For victims of grooming gangs, this isn’t a political spat. It’s another gut-punch. After a lifetime of being ignored, silenced and disbelieved by the very institutions that should have protected them, they are being betrayed again — this time by a minister who should have stood firmly at their side.
No matter where we live in the UK, this should cut to the heart of us all. As someone who sits on Leicestershire County Council’s Children and Families Oversight and Scrutiny Committee, with a direct role in safeguarding children, I know exactly how vital trust is. It is the single most important foundation of any child protection system. Once it’s broken, everything else unravels.
Jess Phillips’ decision to publicly contradict survivors’ testimony has done more than undermine confidence in the inquiry — it has reopened old wounds. For those who have endured years of abuse, disbelief and institutional failure, being dismissed once again by someone in authority is nothing short of devastating. It says, in effect: “We still don’t believe you.”

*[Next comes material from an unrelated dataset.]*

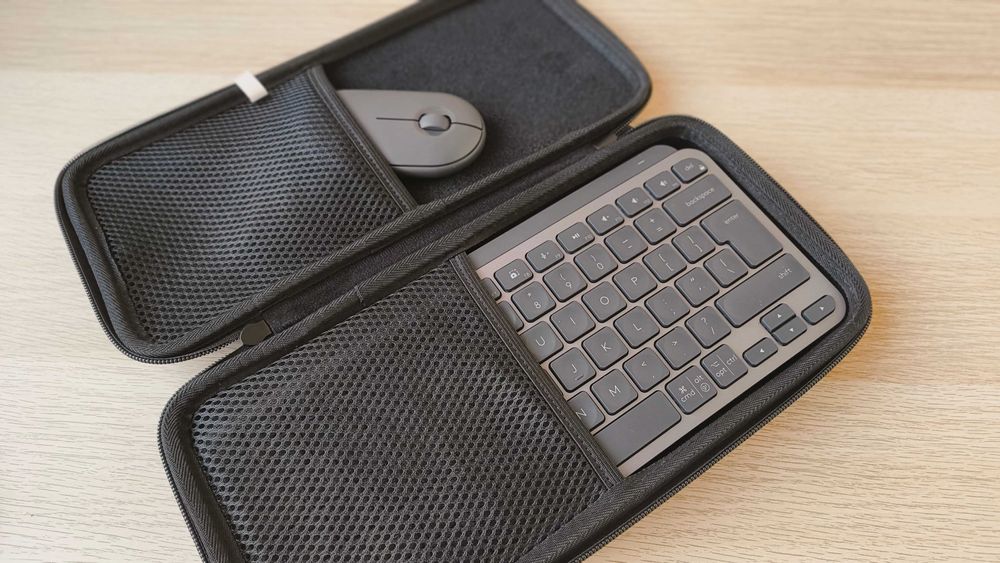 Teclado Logitech Mx Keys Mini + Rato Logitech Pebble M350 + Bolsa de transporte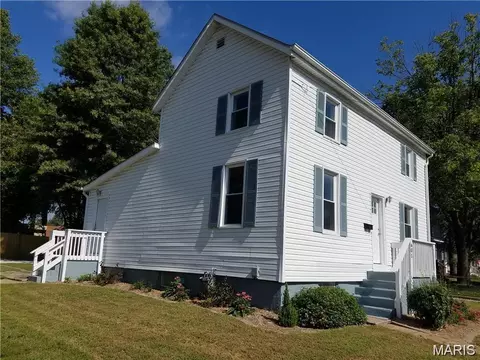 601 Sycamore St, Belleville, IL 62220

This isn’t just poor judgment. It is a profound failure of leadership — and of basic human decency. If Phillips had any integrity, she wouldn’t be clinging on to her job. She’d have gone already.
The victims have made their position heartbreakingly clear. They want to be heard. They want to be believed. And they want an inquiry that puts truth before politics. Instead, they’re watching the same pattern repeat itself: political calculation eclipsing moral responsibility.
Two shortlisted candidates to chair the inquiry have now walked away, survivors are withdrawing their participation, and trust — the single most precious commodity in any process like this — is evaporating. This isn’t a process that’s limping. It’s collapsing.
The government cannot fix this with spin or platitudes. Starmer promised moral seriousness. Now is the moment to prove it. That means putting the victims first — not ministers’ reputations.
For survivors, this inquiry isn’t about politics. It’s about justice. And right now, they’re being failed all over again.